Athalie couve Adriel comme un enfant, mais ce dernier semble peu à peu prendre conscience de sa situation, et a des réminiscences, tout au plus quelques sensations, d’un passé dont sa protectrice ne veut rien dire. Egmont et Léopold s’aiment d’un amour interdit, alors que les conventions sociales de son époque entraînent peu à peu le premier vers un mariage arrangé, qui risque de l’éloigner sans appel de celui dont il s’est épris. De nos jours, Rachel, qui vit seule depuis qu’un événement a bouleversé son existence, a la surprise d’être invitée au concert de Cléopâtre, artiste devant laquelle elle est en admiration.
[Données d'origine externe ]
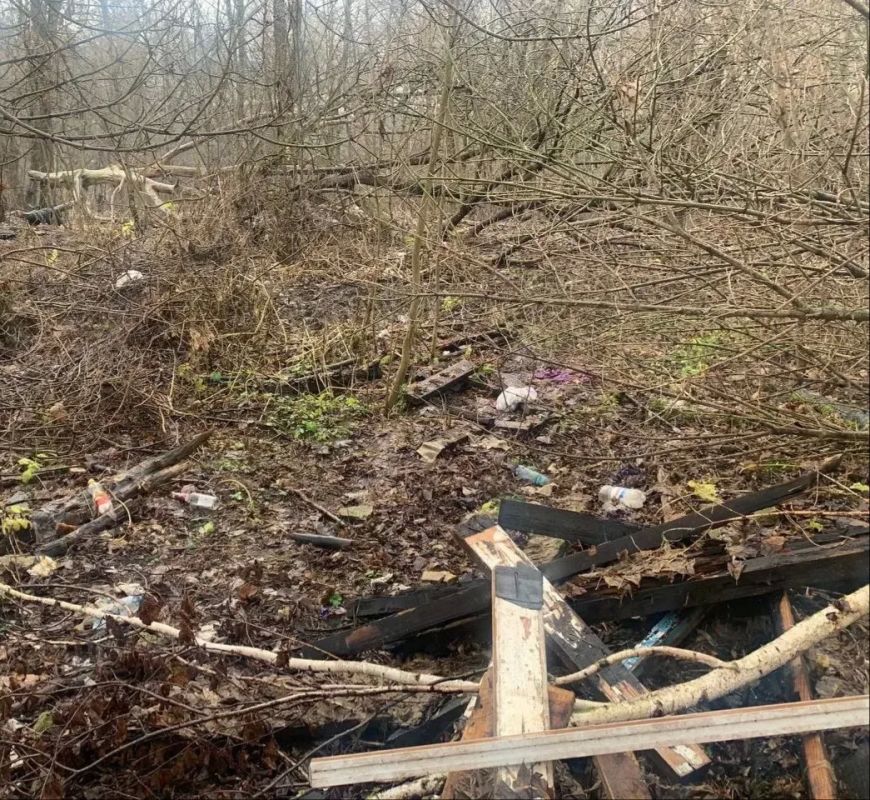 Исполнено решение суда по иску Калужской природоохранной прокуратуры о ликвидации отходов, размещенных в Жировском овраге г. Калуги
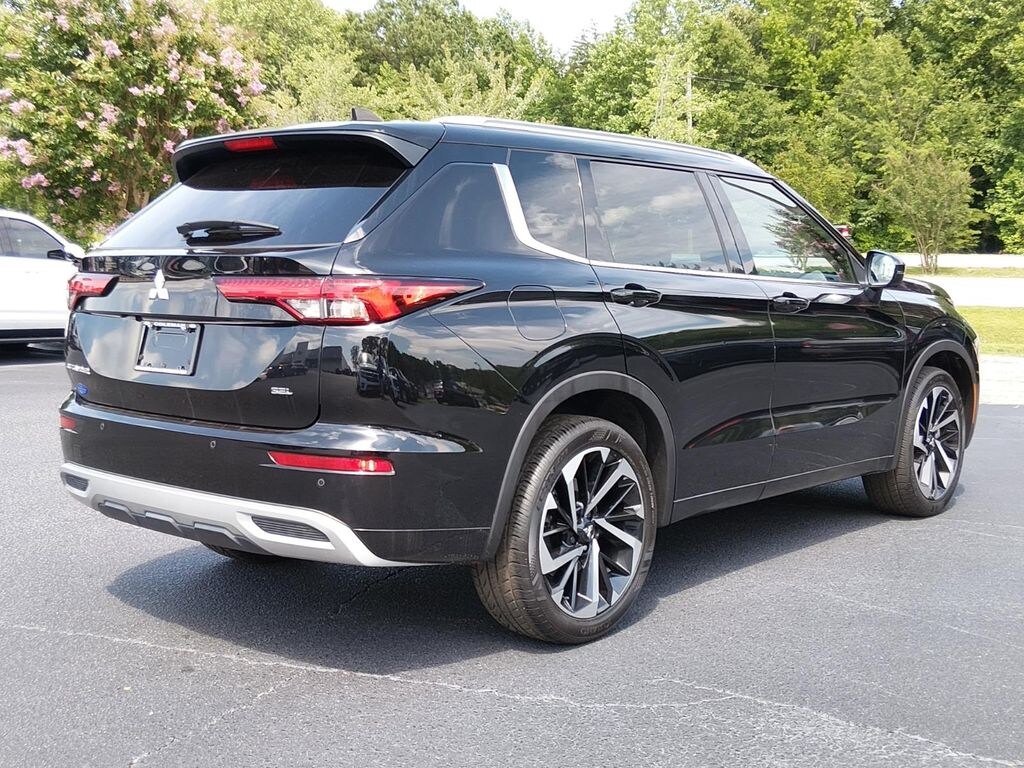 Certified 2023 Mitsubishi Outlander SEL Black Edition SUV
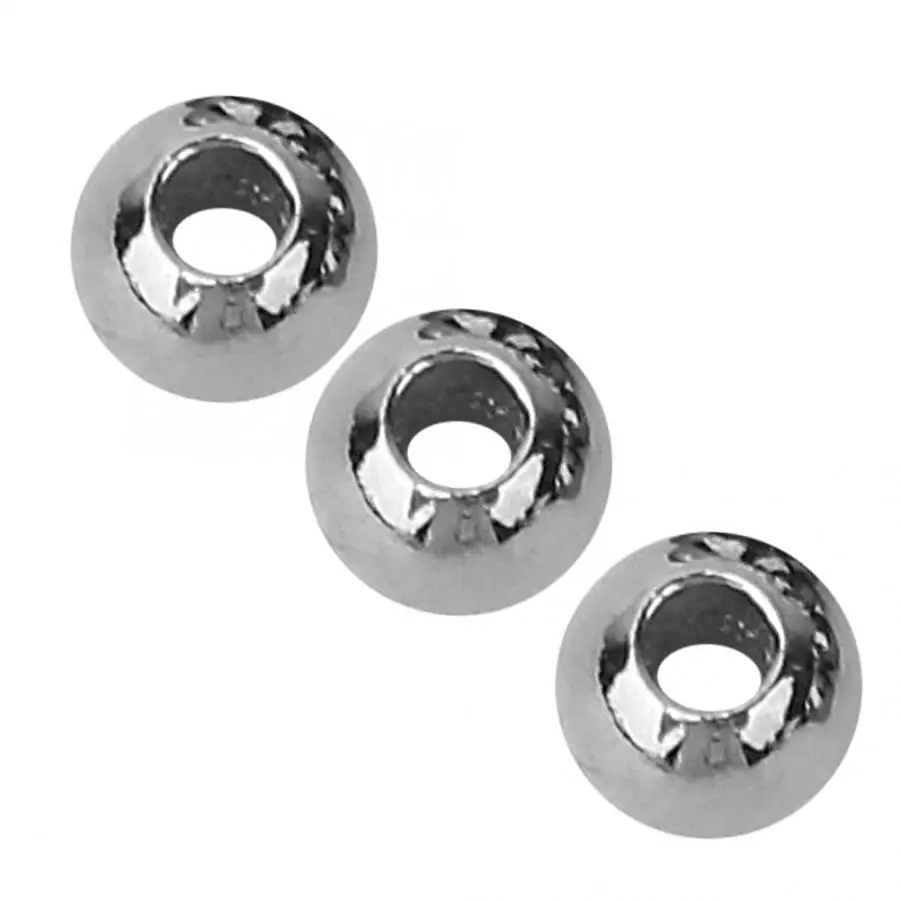 Вольфрамовые бусины для завязывания нахлыстом 25 шт. шарики Nymph материалы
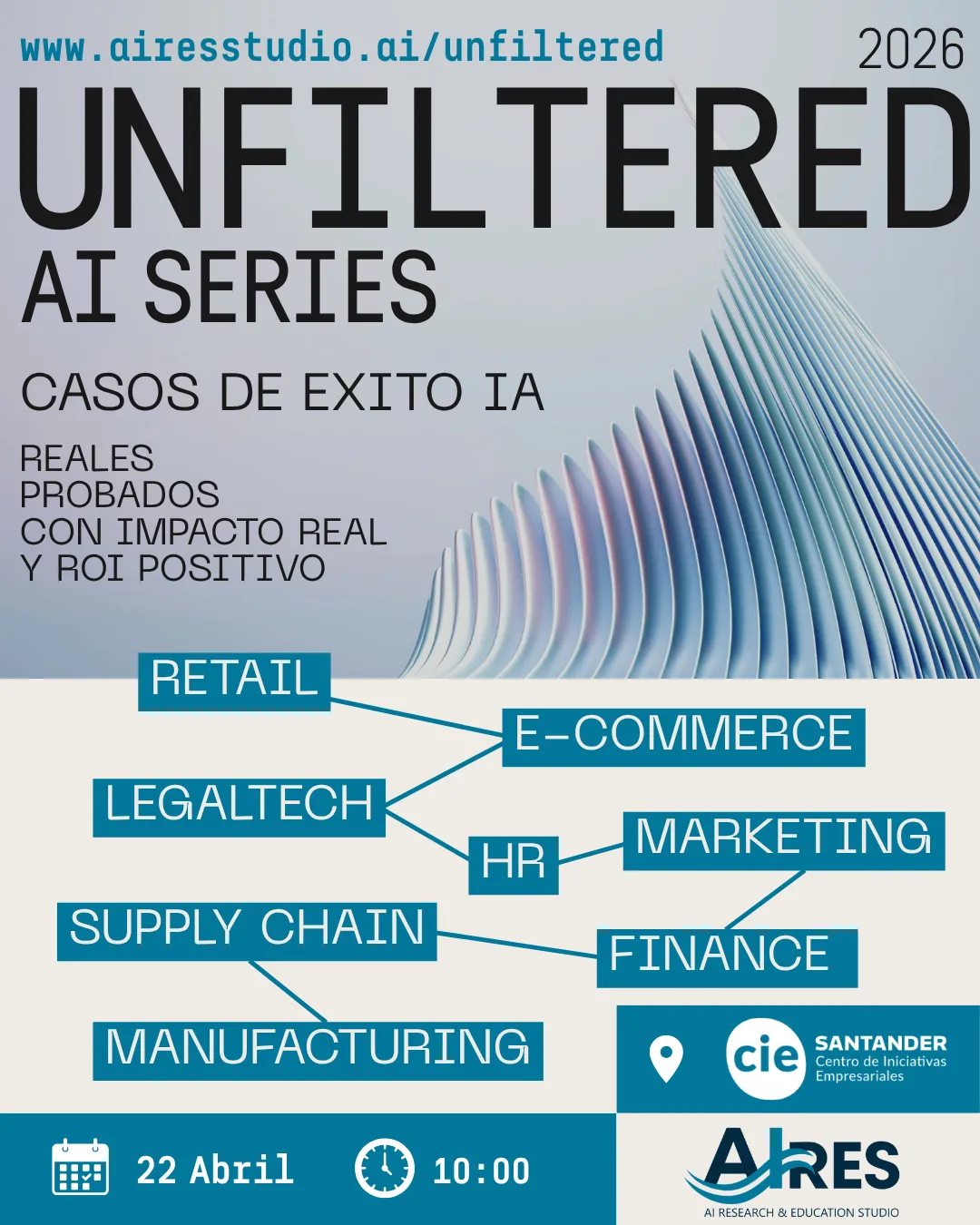UNFILTERED AI Series — Casos de éxito IA Cantabria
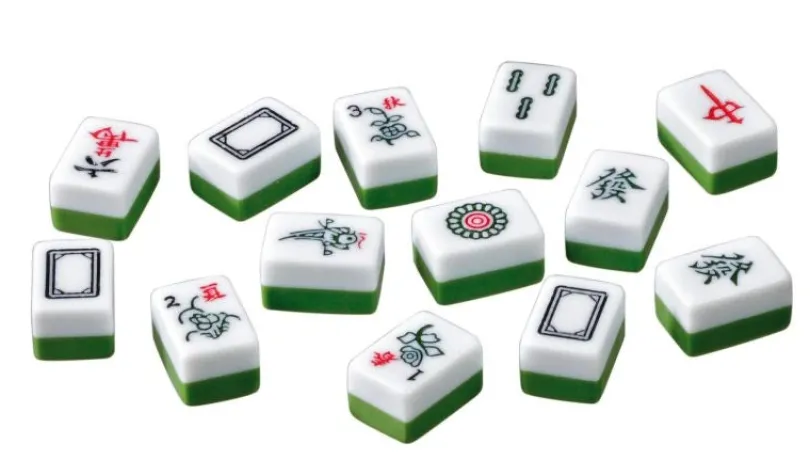 Mah Jongg, small, without arabic numbers (3267)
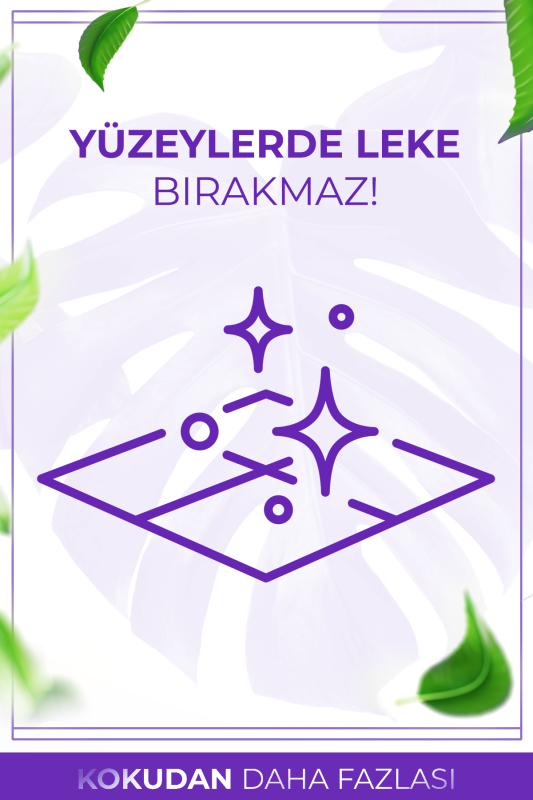 Lavanta Kokulu Akıllı Robot Süpürge Suyu, Mop Suyu Yüzey Temizleyici Robot Deterjanı 250ml - 6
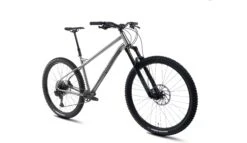On-One Wrekker SRAM GX Titanium Mountain Bike 6 On-One Wrekker SRAM GX Titanium Mountain Bike -Planetx Shop OnOne Wrekker GX Silver P2
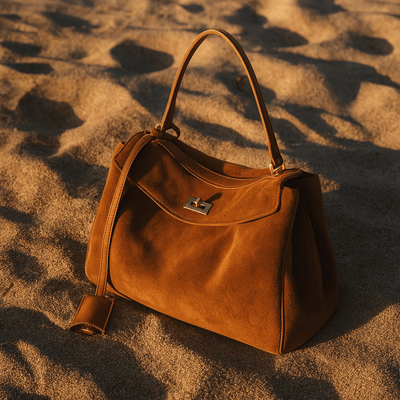Bellaria Suede Bag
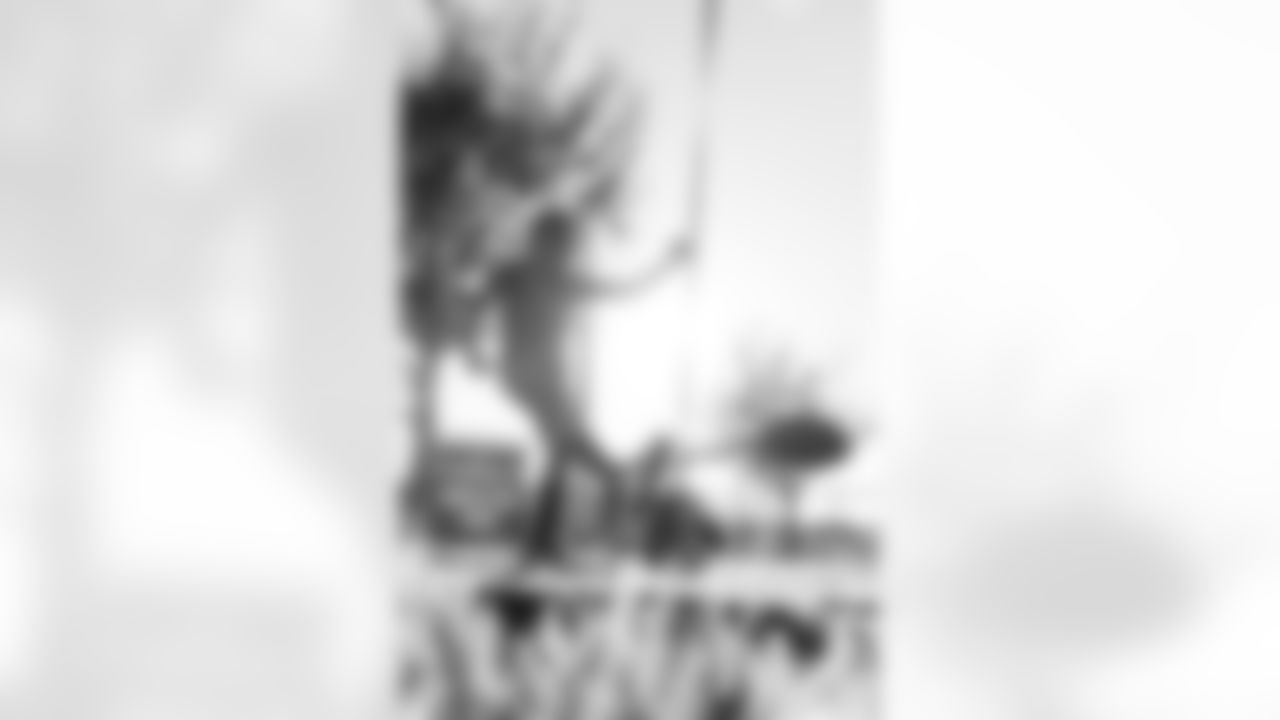 TAMPA, FL - February 21, 2026 - 2026 Jr. Bucs Movie Night. Photo By Kyle Zedaker/Tampa Bay Buccaneers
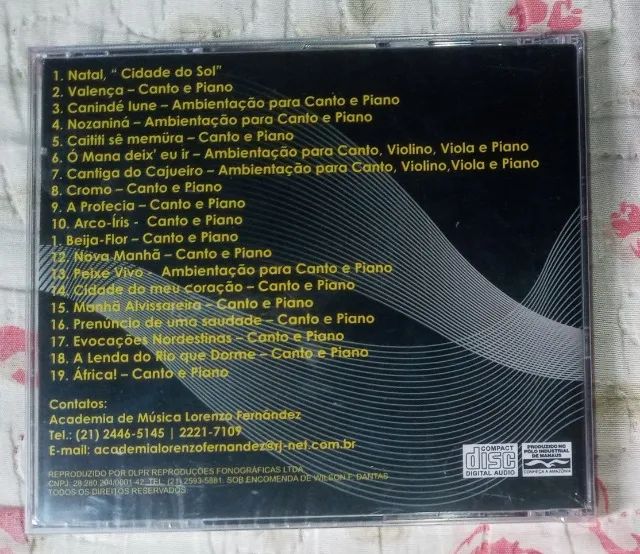 cd cançoes modinhas e ambientação - Foto 2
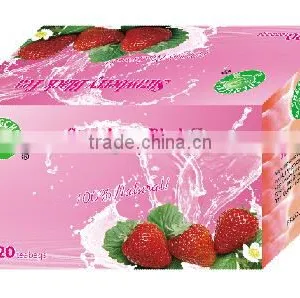 Strawberry Flavor Black Tea With Tea Bag thumbnail-1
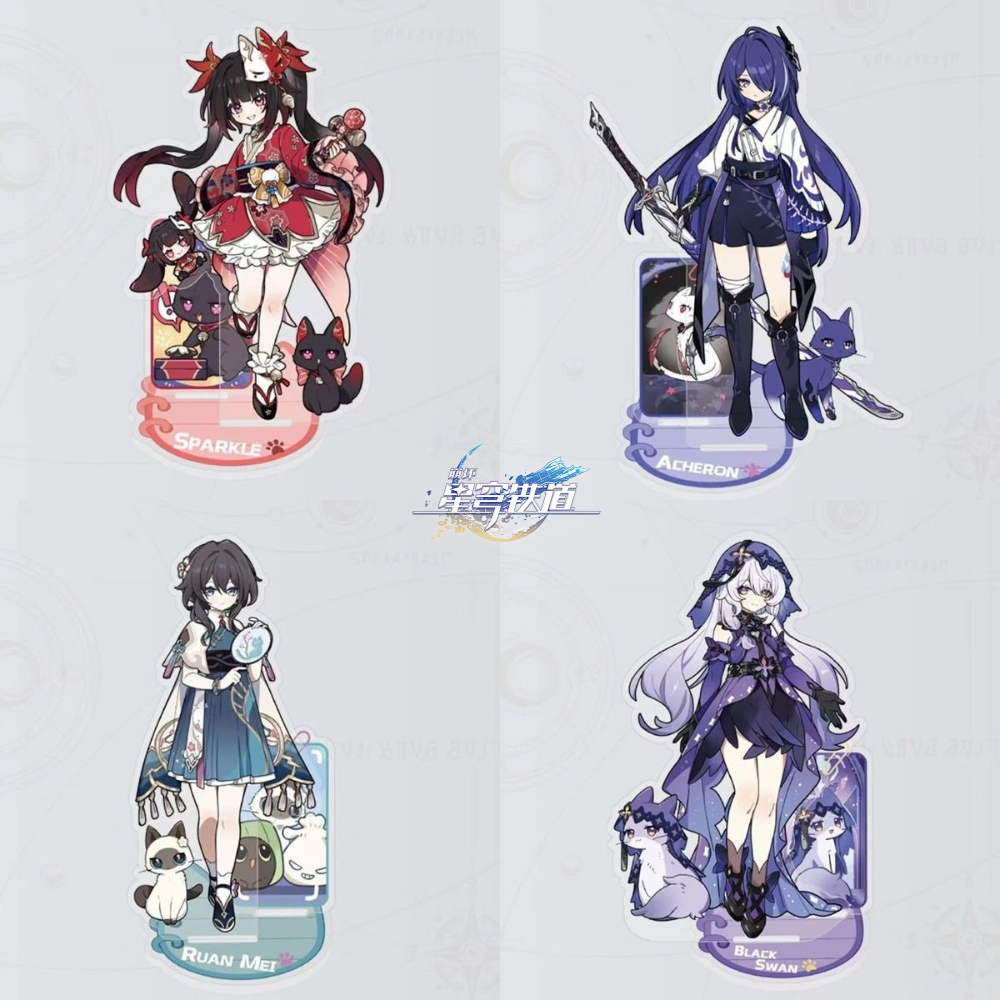 Honkai Star Rail Acrylic Stand - Anime Cosplay Characters recensione e prezzo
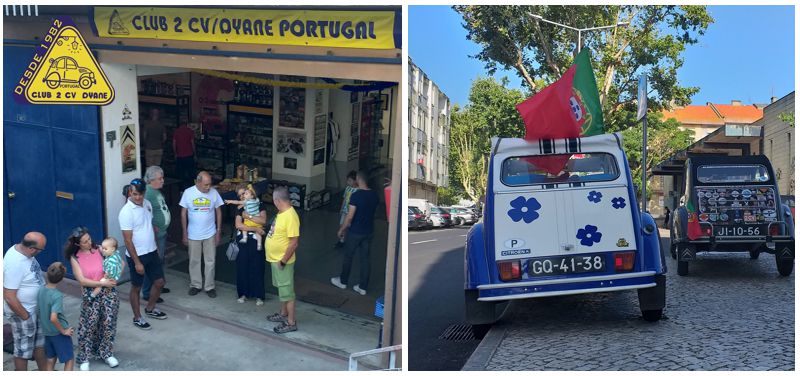 Club 2CV/ Dyane de Portugal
Quant à Parascève, directrice de collection pour une maison d’édition spécialisée dans la romance, elle vit dans un univers tout de rose, hantée par le souvenir de la seule personne qui l’ait acceptée telle qu’elle était.
J’avais découvert Vincent Tassy avec «Mademoiselle Edwarda», une nouvelle qui se détachait particulièrement de la deuxième anthologie des Éditions du Petit Caveau. L’auteur m’avait surpris une seconde fois avec Apostasie, un texte qui était parvenu à me ramener aux grandes heures des éditions de l’Oxymore. Comment le dire à la Nuit allait-il me happer lui aussi ?
À dire vrai, j’ai été décontenancé à la lecture des premiers chapitres, l’auteur ayant choisi de faire se succéder des fragments situés à des époques différentes, mettant en scène des protagonistes qui ne semblent rien partager. L’ambiance, d’emblée pesante, que ce soit au niveau de la relation entre Athalie et Adriel, l’amour maudit qui unit Egmont et Léopold, les zones d’ombre du passé de Rachel, les faux semblants de la vie de Parascève, a cependant un je ne sais quoi qui m’a poussé à poursuivre ma lecture (ça et une grande confiance dans la plume de Vincent Tassy). Et tout bascule quand les différentes trames finissent par se rejoindre, à notre époque. Je n’ai certes pas eu le coup de foudre d’un Apostasie, mais force est d’avouer que l’auteur a pris des risques sur la forme, tout en restant sur le fond sur les thématiques qui lui sont chères.
Comment le dire à la Nuit joue autant avec les lieux qu’avec l’Histoire (ce qui a son importance dans le déroulement du récit). L’ensemble est à la fois documenté (notamment la partie historique) et agit par petite touche sur la composition du réel que fait l’auteur (par les références musicales, les lieux évoqués, etc.). De mon ressenti, en raison de cet ancrage et du romantisme fantastique qui se dégage de l’histoire, on est moins dans la continuité d’une Tanith Lee que dans les pas d’une Anne Rice. Et ça fonctionne relativement bien, avec peut-être un petit bémol pour la dernière révélation du texte, qui me semble moins faire bloc avec l’ensemble.
Une fois de plus, Vincent donne la voix au vampire. On comprendra rapidement qu’Athalie et Adriel sont deux buveurs de sang, et que l’un est la créatrice de l’autre. Cette création passe par un baiser de sang, qui transforme la victime en coquille vide aux ordres de son agresseur si elle est effectuée dans l’absence d’amour. Et si ces vampires ne semblent pas doués des pouvoirs surnaturels habituels, ils n’en révéleront pas moins quelques capacités qui leur permettent autant, par l’usage de l’esprit, d’influencer leurs géniteurs ou ceux qu’ils ont transformés.
Cette troisième livraison de Vincent Tassy rajoute une nouvelle oeuvre forte à sa bibliographie. Si je n’ai pas d’emblée été emporté par le récit, comme cela avait pu l’être avec Apostasie, je dois avouer que l’auteur a fini par me prendre une nouvelle fois dans ses rets. Tous les personnages ne m’ont pas happé de la même manière, ainsi ai-je davantage été accroché par l’histoire d’Egmont et Léopold (dans laquelle l’auteur excelle), voire les révélations sur le passé d’Athalie, mais l’ensemble est de belle tenue et montre une fois de plus que le romancier a une plume à mon goût : onirique, romantique, riche. Vivement le prochain projet.